Hayvancılık işletmeleri arazi normlarının çok üzerine çıkmıştır. Esas problem buradadır. Hayvan besleme maliyetlerini arttıran da çok parçalı yapıdan ot, saman ve silaj tedarik etme zorunluluğudur. Bir ineğin besleme maliyeti 17-18 TL’ye (bugün 77 TL) yükselmiştir. Yemini kendi üreten küçük aile işletmelerinde aynı ineği besleme maliyeti 10-12 TL (bugün 45 TL) civarındadır.
Hububat fiyatlarının tüm dünyada yükselmesi sanayi yemi fiyatlarına yansıyacak gibi görünmektedir. Ot, saman ve silajda olduğu gibi süt yemi fiyatları da artarsa zarar daha da büyüyecek gibi görünmektedir.

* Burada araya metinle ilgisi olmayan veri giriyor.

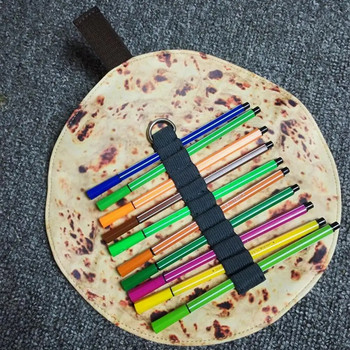 Τσάντα στυλό Αστεία μεγάλης χωρητικότητας φορητό ρολό τορτίγιας Σχέδιο μολυβοθήκη Βούρτσα μακιγιάζ Σχολική τσάντα αποθήκευσης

Et lazım, angusları, limuzinleri, şavruleleri yağdırdık. Süt lazım, bizim alacalar az verdiğinden yabancı alacaları doldurduk. Bizimkilerin suyu çıkmadı ama işin suyu çıktı. Neticede Türk tarımının taşıma kapasitesinin üzerine çıkan bu sektör, Türk tarımını sallayacak. Küçük işletmeler de sallanır ama yine ayakta kalan onlar olur. Mayaları sağlam. Çok olsa emekli maaşlarını yer ama yine dimdik Türk tarımına hizmetine devam eder.